PHOTOGRAPHY AND OPTICAL TECHNOLOGY
PHOTOGRAPHY AND OPTICAL TECHNOLOGY

Hockney has had a long-term, love-hate relationship with the camera between periods of intense experimentation and attempts to completely reject its influence.

By the 1970s, the use of photography allowed him to be both subject and observer. Family members and close friends became recurrent subjects, both in photography and other mediums. His parents often posed for him, emulating traditional studio paintings, and in the early 1980s his close friends appeared in photographic composites made up of multiple Polaroid snapshots. Evoking Cubist fragmentation, these photocollages are influenced by the work of Pablo Picasso, whom he greatly admired. In this period, Hockney created over 100 Polaroid images and more than 200 photocollages with a Pentax 110 single-lens reflex camera and a 35 mm Nikon. Also, photocopy machines provided Hockney with another tool to produce numerous prints that he sent by fax and allowed him to work on his own and at great speed. These devices opened up a new world to Hockney’s creative process.

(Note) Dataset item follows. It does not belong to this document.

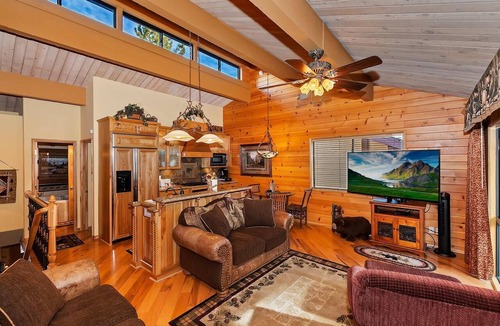Big Bear Lake Condo | Big Bear Ski In Ski Out By Destination Big Bear: Walk to Snow Summit Ski Resort! Hot Tub! Open Concept Reverse Floor Plan! Rock Fireplace!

An intense period of investigation on the old masters followed, including research on their use of lenses, mirrors, and other optical tools, such as the camera lucida, which was patented in 1807. Experimenting with how this device could have helped artists from the past, he used it to produce more than 280 portraits in 1999–2000.

More recently, Hockney has used digital technology in creating large-scale landscapes made of numerous elements, as seen in this exhibition. In them, photographs were not used in a preparatory phase, but rather helped the artist map the progress from one painting to another; back in the studio, the images could be assembled in a computer to indicate how the entire work would look.